I define the midrange band as 100Hz to 500Hz, whereas I think many consider it to start much higher, like 500Hz. Not that this is right or wrong, it's just a definition, a label used to communicate an idea. But I consider a driver used above 500Hz or 1000Hz to be a tweeter more than a midrange.

Middle C is 260Hz. To me, that's squarely centered in the midrange. One octave below (130Hz) is the start of midrange, where it transitions to midbass and bass. 60Hz to 130Hz is midbass, and 60Hz down is bass. Below 20Hz is infrasonic, certainly felt but not heard.

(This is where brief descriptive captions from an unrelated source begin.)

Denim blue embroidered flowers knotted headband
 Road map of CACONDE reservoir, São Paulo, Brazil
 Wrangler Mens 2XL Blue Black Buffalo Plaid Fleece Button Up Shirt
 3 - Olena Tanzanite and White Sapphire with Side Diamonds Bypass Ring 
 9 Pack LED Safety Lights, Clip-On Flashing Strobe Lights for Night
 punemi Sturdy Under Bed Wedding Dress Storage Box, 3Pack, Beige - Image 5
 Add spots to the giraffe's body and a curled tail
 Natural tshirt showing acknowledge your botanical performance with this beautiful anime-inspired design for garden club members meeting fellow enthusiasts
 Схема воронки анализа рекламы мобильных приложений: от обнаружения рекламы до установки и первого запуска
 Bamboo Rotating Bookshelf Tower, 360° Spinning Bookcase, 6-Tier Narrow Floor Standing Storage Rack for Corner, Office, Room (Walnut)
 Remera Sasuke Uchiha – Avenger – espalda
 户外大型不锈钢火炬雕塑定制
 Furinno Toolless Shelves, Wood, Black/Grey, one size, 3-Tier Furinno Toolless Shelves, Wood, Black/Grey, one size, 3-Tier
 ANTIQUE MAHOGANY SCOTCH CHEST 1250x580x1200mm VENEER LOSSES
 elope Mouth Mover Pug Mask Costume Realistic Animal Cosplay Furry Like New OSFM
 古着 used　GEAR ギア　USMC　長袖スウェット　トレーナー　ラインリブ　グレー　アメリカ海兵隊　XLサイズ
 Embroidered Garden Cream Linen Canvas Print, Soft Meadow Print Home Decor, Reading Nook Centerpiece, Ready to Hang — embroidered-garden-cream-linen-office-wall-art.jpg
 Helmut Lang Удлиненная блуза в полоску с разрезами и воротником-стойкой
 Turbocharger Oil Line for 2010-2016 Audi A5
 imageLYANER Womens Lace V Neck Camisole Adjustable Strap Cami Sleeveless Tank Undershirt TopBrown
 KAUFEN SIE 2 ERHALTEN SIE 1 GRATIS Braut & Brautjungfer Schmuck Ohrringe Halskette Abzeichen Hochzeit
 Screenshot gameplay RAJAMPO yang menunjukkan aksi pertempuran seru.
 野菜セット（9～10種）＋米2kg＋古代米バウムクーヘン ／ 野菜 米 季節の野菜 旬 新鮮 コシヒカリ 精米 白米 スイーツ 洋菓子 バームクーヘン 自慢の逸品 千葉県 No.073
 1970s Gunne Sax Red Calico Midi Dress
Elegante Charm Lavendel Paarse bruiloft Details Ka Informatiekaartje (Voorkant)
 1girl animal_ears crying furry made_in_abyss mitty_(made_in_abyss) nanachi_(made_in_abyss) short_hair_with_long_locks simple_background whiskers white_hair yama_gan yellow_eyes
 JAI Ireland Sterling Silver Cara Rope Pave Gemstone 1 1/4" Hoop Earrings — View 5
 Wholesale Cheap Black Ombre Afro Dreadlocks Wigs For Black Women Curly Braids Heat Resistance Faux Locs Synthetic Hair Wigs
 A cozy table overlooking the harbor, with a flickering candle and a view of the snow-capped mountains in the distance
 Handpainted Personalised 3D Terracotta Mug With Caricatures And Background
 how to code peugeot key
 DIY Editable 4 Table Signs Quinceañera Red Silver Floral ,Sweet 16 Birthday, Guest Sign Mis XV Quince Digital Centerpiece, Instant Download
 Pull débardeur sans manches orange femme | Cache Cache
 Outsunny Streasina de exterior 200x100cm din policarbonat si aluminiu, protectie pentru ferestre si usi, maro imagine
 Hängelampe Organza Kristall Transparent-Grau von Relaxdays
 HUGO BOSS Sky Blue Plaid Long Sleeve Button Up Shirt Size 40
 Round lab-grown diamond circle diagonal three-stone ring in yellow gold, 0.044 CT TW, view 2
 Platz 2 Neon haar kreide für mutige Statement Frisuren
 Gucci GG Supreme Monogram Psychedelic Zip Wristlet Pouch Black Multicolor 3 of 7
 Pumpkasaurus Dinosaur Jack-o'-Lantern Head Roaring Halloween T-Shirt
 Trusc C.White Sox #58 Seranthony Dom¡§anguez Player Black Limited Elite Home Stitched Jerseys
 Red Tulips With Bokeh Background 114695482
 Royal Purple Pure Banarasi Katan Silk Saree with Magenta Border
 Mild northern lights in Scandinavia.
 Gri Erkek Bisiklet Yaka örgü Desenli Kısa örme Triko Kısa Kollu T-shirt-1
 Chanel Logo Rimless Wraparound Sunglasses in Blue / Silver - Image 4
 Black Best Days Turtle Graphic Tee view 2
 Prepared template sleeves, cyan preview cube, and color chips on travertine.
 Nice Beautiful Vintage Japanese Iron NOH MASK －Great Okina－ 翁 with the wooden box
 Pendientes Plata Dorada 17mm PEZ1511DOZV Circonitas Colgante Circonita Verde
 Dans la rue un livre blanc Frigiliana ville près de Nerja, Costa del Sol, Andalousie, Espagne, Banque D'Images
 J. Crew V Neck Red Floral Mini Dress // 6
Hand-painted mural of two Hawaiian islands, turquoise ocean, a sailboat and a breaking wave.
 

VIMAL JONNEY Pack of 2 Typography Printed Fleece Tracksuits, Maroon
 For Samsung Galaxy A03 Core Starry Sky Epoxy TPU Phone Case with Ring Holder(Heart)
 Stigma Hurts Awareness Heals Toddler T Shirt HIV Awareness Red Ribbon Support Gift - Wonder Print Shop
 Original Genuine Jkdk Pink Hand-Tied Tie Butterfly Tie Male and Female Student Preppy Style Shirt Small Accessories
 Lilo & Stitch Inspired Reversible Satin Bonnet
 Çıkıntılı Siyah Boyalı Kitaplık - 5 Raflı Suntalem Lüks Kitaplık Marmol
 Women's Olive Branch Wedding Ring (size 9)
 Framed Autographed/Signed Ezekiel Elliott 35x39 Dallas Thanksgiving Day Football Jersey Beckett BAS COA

One octave above middle C (520Hz) marks the start of the overtone region. Sopranoes hit notes an octave higher and more, so the overtone region and the fundamental vocal range overlap between 500Hz and 1500Hz. The overtone range for voice overlaps with the overtone range for many instruments too, so a definition of this region is fuzzy because overtones vary so much in content and distribution. But I tend to mentally think of a artificial boundary, an end of the overtone region of about 5kHz.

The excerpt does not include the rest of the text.